Currently, all three of the major boards which make important land use decisions - the Planning Board, the Board of Zoning Appeals, and the Historical Commission - are dramatically unrepresentative of Cambridge’s diverse population, particularly in age and homeownership status, but also with regards to race and wealth. Therefore, these boards often fail to reflect the perspectives of our city as a whole. With housing unaffordability being the #1 issue facing Cambridge residents, and with land use decisions being so inextricably linked with its causes and solutions, it is critical that these land use boards include voices who experience, understand, and care about the housing crisis.
The City Manager can encourage a more diverse set of volunteers for boards and commissions by:
- Establishing stipends for service on high workload boards;
- Seeking out representatives from under-represented groups and making clear their applications will be taken seriously; and by
- Rotating board membership more often.
The City Council can reduce board workload and more closely align land use outcomes with Cambridge’s values by
- Adjusting our zoning, planning, and neighborhood conservation ordinances to better reflect principles for equitable, sustainable development, and to reduce the number of project-by-project board approvals required to build in Cambridge.
Stipends could cover the cost of childcare during long evening meetings, or help cover lost income for board members earning an hourly wage.
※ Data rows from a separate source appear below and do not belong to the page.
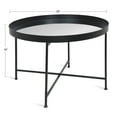 thumbnail image 2 of Kate and Laurel Celia Round Metal Foldable Coffee Table with Mirrored Tray Top, Black, 2 of 7
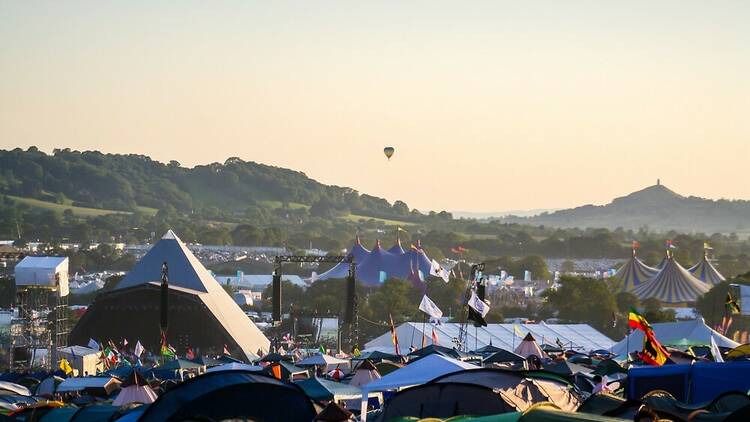 Glastonbury music festival landscape 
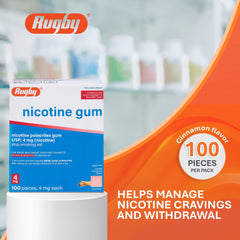 Rugby Laboratories cinnamon gum 4mg pack back lists usage tips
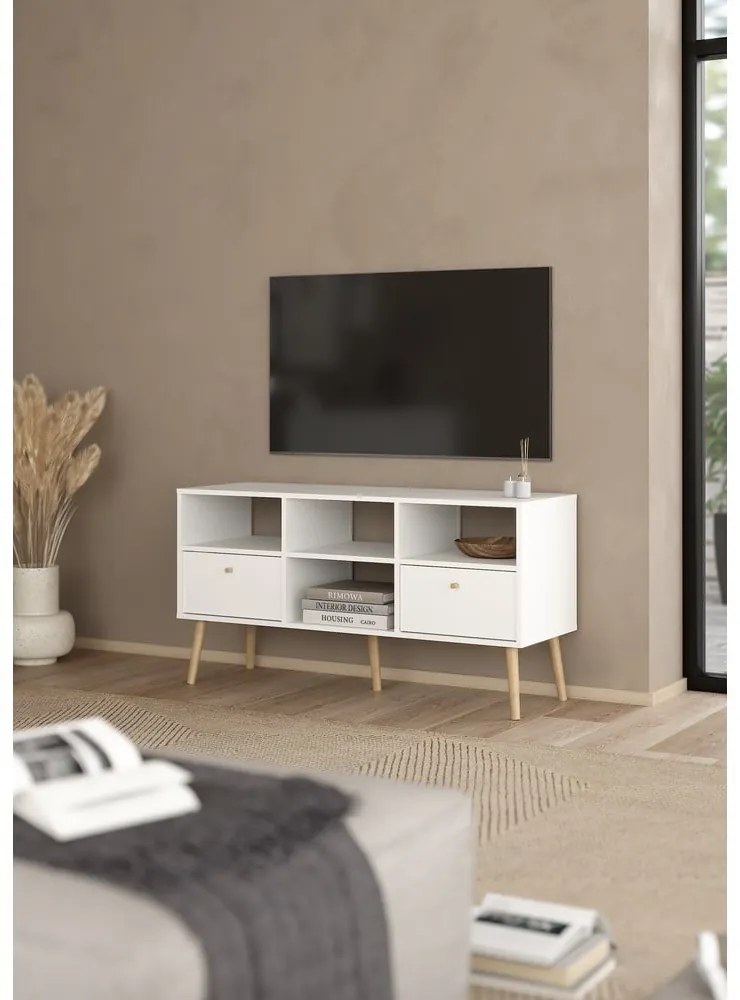 Biała szafka pod TV 117x61 cm Bodo – Tvilum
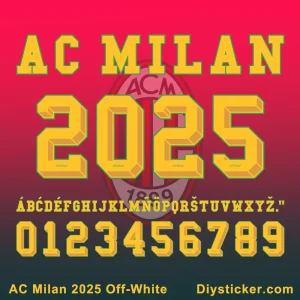 AC Milan Off-White 2025 font display, showcasing the unique typeface.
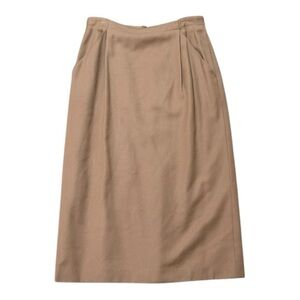 ESCADA Vintage Virgin Wool Skirt Midi Pleats Camel Tan Size 40 6 8 10 Party Work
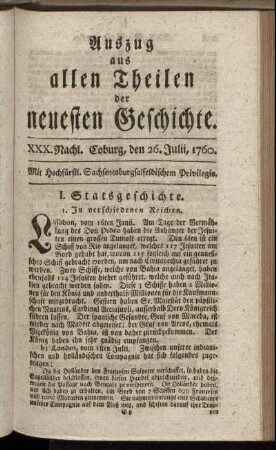 XXX. Nachl. Coburg, den 26. Julii. 1760.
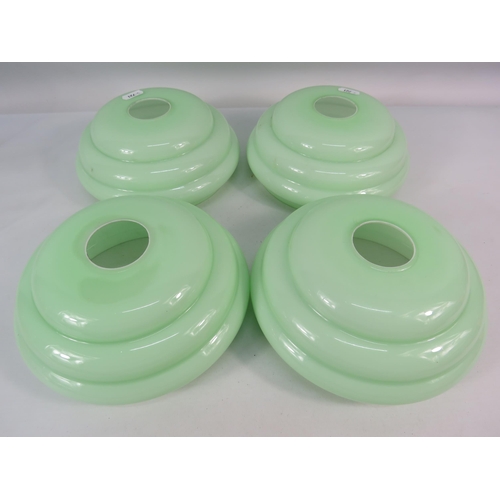 721 - Four art deco opaque green light shades.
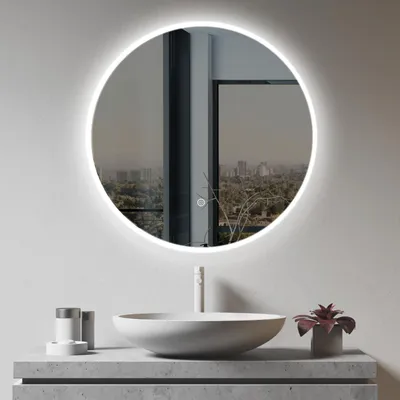 Produktbild von HOKO LED Lichspiegel rund 60cm mit Licht Wechsel Warmweiß-Kaltweiß-Neutral. 2700-6500K.Touch Schalter und mit Wandschalter einschaltbar. ULM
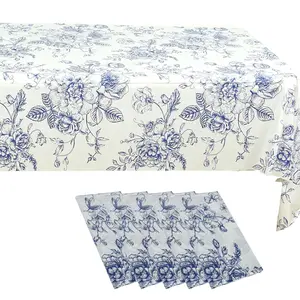 5-Pack Rectangular Plastic Tablecloths – White with Blue French Toile Pattern, PVC Waterproof Disposable Table Covers 54"x108"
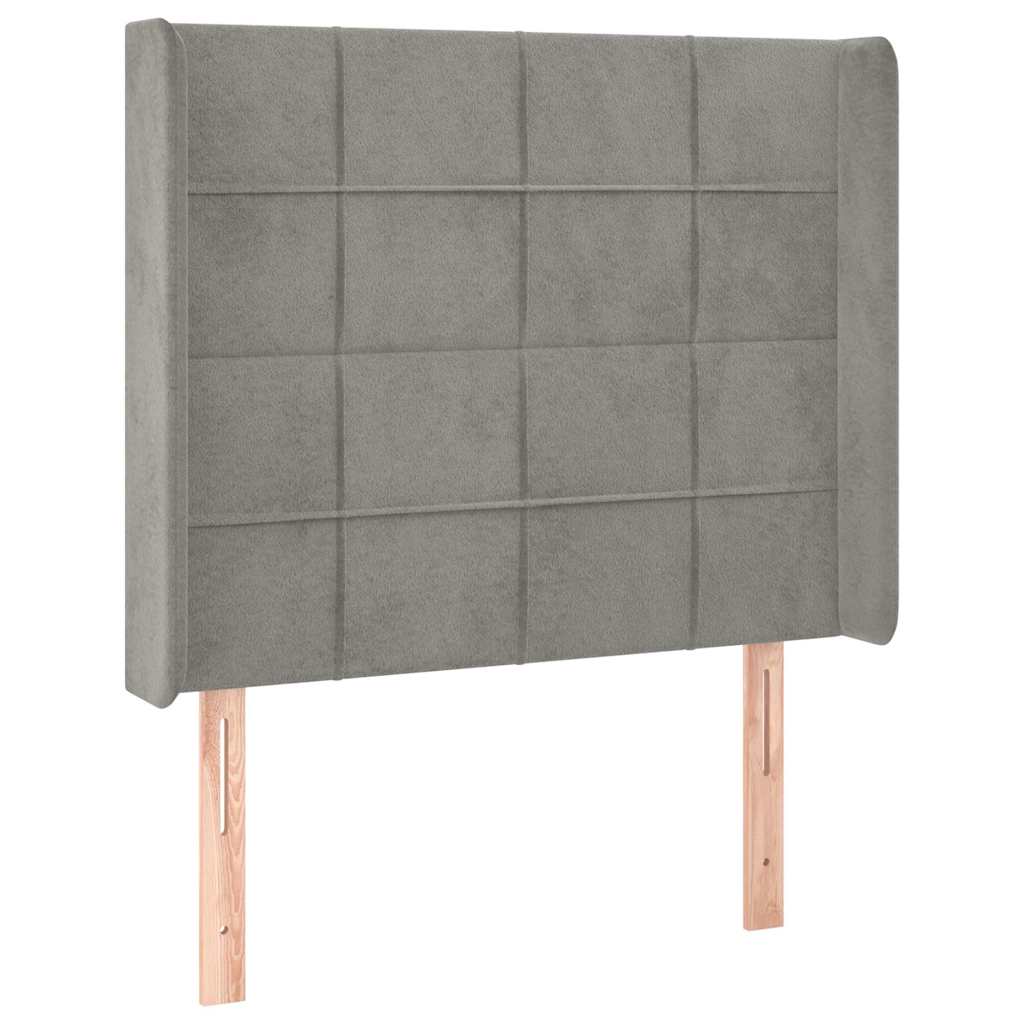 Világosszürke bársony LED-es fejtámla 93x16x118/128 cm 3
Making more people feel welcome on these boards can help increase their diversity. Reducing the number of reappointments will give more people an opportunity to serve and ensure the boards have fresh faces.
Codifying our laws and providing clear guidelines to boards reflecting Cambridge’s current desires for land use will make it easier for boards to make decisions and more likely they’ll make decisions that align with Cambridge’s values. Reducing the number of discretionary approvals in our land use system will not only allow boards to be more thorough in the cases they do take on, it will make serving on boards more attractive by reducing the need to spend large amounts of time preparing for meetings that run late into the night.
As an all-volunteer organization ourselves, we know how important it is to proactively work to avoid the blind spots, biases, and burnout that can emerge in a volunteer-dependent system. Applicants and selected Board members - and, of course, the people of Cambridge served by these boards - deserve a process that works better for everyone.